There are two types of people who work in public relations – those who continue to learn and develop their skills to be the best they can be … and those who don’t.
I am in the ‘continue to learn and develop’ camp. The world of PR changes quickly, whether it is new technology, new thinking, new trends, new situations to adapt to, best practice evolutions, etc. It is not possible to do a great job for an employer / client and not keep up to speed as there will certainly be a number of practitioners snapping at your heels who have put in the time and effort to learn. Even senior practitioners, mainly involved with strategy, are not immune from the need to keep up-to-date – how can they formulate the best strategy without knowing what is considered best practice by their peers?
So is it possible to teach old dogs new tricks? I definitely believe so.
So how do I learn and develop my PR skills?
When I was employed full-time, my annual appraisal would determine what new skills I should have in my arsenal to meet the demands of the job over the coming year. I found courses to attend to plug these skills gaps and after attending a day’s training, the glossy handouts were generally stored away until my newly learned skills were needed, and the certificate was dusted off when I wanted to add the course to my CV when hunting for a new job.
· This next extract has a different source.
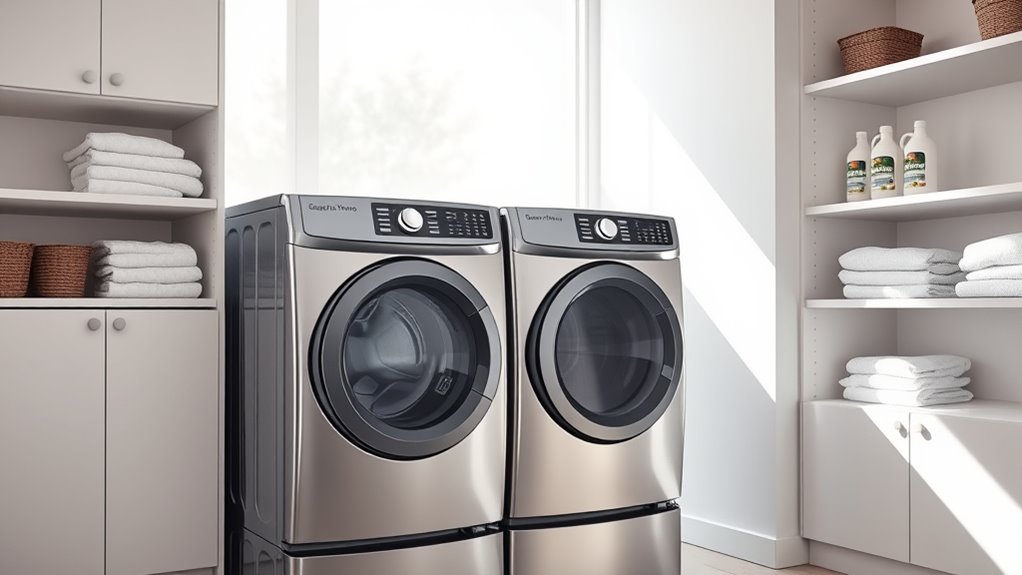 efficient reliable laundry performance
As the Independent Practitioner I am now, keeping up to date and aware of what is going on in the PR world is incredibly important – it is my professional responsibility to keep up-to-date and even try to be ahead of the curve. Clients need to be confident that when they employ me I know what I am talking about and my skills are current. There is a certain amount of trust involved, but to make me stand out I want clients to be confident rather than rely solely on trust that I will do a good job for them. This is why I am a member of two professional bodies and undertake CPD (Continuing Professional Development) for both.
What benefits are there to being a member of a professional body?
Being a member of a professional body, such as CIPR or CIM, is a signpost to clients/employers that I take my career seriously. Every pitch document I send out clearly states that I am a member and I provide a link to both the CIPR and CIM codes of conduct (download the CIPR code and CIM code). I also clearly state that I am registered for CPD (and am a CIPR Accredited Practitioner).
These memberships provide invaluable CPD opportunities and make it extremely easy for me to learn and develop my skills. At the start of each new CPD cycle (CIPR starts in March and CIM in July) I sit down and work out where I have gaps in my skills base and look ahead to what is predicted for PR and marketing, then find CPD activities which let me learn and develop my skills and knowledge. This CIPR video on CPD below explains why it is important to do.
Rather than searching the internet for a provider without any knowledge on the quality of the training I will receive, as I did when employed and not a member of a professional body, I search for the most relevant workshop / course which is accredited by the CIPR or CIM. Once complete, I log completion but this is more than a tick-box exercise – both professional bodies require me to explain what I have learnt and how this will improve what I practice.
My training is focused with an end goal in sight. With the CIPR, the short-term goal is to maintain my Accredited Practitioner status and with both the CIPR and CIM, the ultimate end goal is to reach Chartered status.
What does CPD mean for employers/clients?
By being registered for CPD with both the CIPR and CIM, and completing the annual requirements, my clients are confident that my skills are up-to-date and I am committed to professional excellence. The work I do for them will reflect what is thought as best practice. CPD is how I build on my expertise gained from doing the job day-in-day-out and gives me the flexibility to meet the demands and challenges coming my way.
Clients / employers deserve the best and my commitment to CPD, coupled with membership of professional bodies, the code of conduct and ethical basis to my work, is what sets me apart from the rest of the practitioners they could choose to work with.
What about the ‘other’ type of PR people?
These ‘others’ are the practitioners who choose not to commit to keeping their skills and knowledge up-to-date. They may be ‘silent’ members of a professional body – as CPD is not mandatory – but what should be asked is: “Why do they choose not to undergo CPD?” As for what happens to them in the marketplace? I cannot say as they are (metaphorically) behind me in the pitch process / interview stage!
- If you are a member of a professional body, such as the CIPR or CIM, do you take part in CPD? If so, why? If not, why?
- If you are not a member of a professional body, why? Do you think this has made a difference when you have been seeking work?
There is no right or wrong answer, and I would be interested to know about any research conducted into the effects being a member of a professional body has on employment, likewise for the effect of CPD. I can only speak from my experience, and that is that letting clients know I am an MCIPR and MCIM, and undertake a programme of CPD to ensure my skills are up-to-date for their benefit, definitely impresses them. What about you?